Experiments
Experiments in the context of feature flags are a way to test new features or changes to existing features with a subset of users before rolling them out to everyone. Experiments allow you to collect data and feedback on the feature before making it available to everyone, which can help you to improve the feature and make sure that it's successful and effective.
There are a few different ways to run experiments with feature flags. Common approaches are A/B and multivariate testing. Bucketeer enables you to create all types of experiments.
Create an experiment
To create experiments in Bucketeer, navigate to the Experiments tab on the dashboard, which provides an overview of all existing experiments within the current environment.
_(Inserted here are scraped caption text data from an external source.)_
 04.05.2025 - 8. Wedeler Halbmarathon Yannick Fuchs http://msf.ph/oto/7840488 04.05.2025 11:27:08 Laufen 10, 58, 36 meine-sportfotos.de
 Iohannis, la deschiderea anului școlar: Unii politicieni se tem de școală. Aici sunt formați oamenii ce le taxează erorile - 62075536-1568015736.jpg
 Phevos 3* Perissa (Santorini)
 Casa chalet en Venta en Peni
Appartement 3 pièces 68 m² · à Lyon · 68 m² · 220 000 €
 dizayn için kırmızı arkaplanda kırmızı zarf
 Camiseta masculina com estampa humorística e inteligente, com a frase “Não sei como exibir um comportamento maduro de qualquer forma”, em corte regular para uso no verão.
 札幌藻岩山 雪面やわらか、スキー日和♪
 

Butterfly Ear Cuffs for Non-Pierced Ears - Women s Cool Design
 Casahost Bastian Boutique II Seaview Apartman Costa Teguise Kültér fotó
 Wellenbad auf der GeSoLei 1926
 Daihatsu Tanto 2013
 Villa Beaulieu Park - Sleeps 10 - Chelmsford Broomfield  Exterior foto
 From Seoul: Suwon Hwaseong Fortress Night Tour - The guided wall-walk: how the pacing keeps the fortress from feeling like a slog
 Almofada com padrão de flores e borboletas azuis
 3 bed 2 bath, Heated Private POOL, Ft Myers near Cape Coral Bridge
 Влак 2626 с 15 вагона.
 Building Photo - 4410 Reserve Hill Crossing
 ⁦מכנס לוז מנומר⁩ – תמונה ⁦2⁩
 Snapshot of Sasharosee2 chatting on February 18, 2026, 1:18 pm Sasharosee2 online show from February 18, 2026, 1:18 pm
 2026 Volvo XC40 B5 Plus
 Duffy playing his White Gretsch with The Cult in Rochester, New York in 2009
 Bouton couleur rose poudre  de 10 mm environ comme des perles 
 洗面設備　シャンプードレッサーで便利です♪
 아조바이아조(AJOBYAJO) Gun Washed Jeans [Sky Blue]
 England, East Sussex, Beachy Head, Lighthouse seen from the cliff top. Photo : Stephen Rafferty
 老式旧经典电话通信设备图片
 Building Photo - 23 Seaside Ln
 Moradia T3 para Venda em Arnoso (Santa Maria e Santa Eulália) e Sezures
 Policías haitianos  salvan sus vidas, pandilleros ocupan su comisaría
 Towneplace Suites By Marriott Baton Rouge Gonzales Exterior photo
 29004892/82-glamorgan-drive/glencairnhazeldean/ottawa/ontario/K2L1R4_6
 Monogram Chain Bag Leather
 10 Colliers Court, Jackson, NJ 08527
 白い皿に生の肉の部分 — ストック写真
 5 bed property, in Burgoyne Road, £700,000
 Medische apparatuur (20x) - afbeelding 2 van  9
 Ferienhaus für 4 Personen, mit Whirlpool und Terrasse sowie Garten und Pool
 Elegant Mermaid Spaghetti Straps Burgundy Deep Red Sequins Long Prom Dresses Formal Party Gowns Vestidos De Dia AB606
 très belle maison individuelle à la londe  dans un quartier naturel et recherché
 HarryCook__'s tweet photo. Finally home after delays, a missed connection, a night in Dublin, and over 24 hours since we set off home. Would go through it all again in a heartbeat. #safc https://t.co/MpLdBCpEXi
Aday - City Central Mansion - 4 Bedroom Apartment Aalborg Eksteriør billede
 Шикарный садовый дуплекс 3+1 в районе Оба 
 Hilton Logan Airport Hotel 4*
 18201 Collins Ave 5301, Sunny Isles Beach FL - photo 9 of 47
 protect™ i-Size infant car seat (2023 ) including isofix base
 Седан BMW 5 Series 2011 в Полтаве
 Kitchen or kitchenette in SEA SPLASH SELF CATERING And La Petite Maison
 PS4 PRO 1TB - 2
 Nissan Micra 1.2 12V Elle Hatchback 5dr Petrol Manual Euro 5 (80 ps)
You can search for experiments based on their name or description. To create a new experiment, click the + New Experiment button.
Required Fields
When creating an experiment, you need to provide:
- Name: A unique identifier for the experiment
- Description: Detailed information about the experiment's objective
- Feature flag: The flag that will be evaluated by the experiment. Each experiment uses one feature flag, but a flag can be used in multiple experiments
- Baseline variation: The reference variation used for comparison in the Bayesian inference algorithm
- Goals: One or more goals to measure in the experiment. Multiple goals allow you to track different aspects of user behavior
- Start at: When the experiment begins collecting data
- Stop at: When the experiment stops. Maximum experiment duration is 30 days

The Bucketeer team recommends running experiments for at least two weeks to collect sufficient data and increase the experiment's reliability.
When to use multiple goals
Multiple goals help you understand the complete user journey by tracking different stages of user behavior. This allows you to:
- Identify drop-off points: See where users lose interest or encounter issues
- Track conversion funnels: Measure progression through critical steps
- Detect side effects: Ensure winning variations don't negatively impact other metrics
For example, if testing a checkout flow, you might track: "Added to Cart", "Viewed Checkout", and "Completed Purchase". This reveals not just which variation has the best completion rate, but also where users drop off in the process.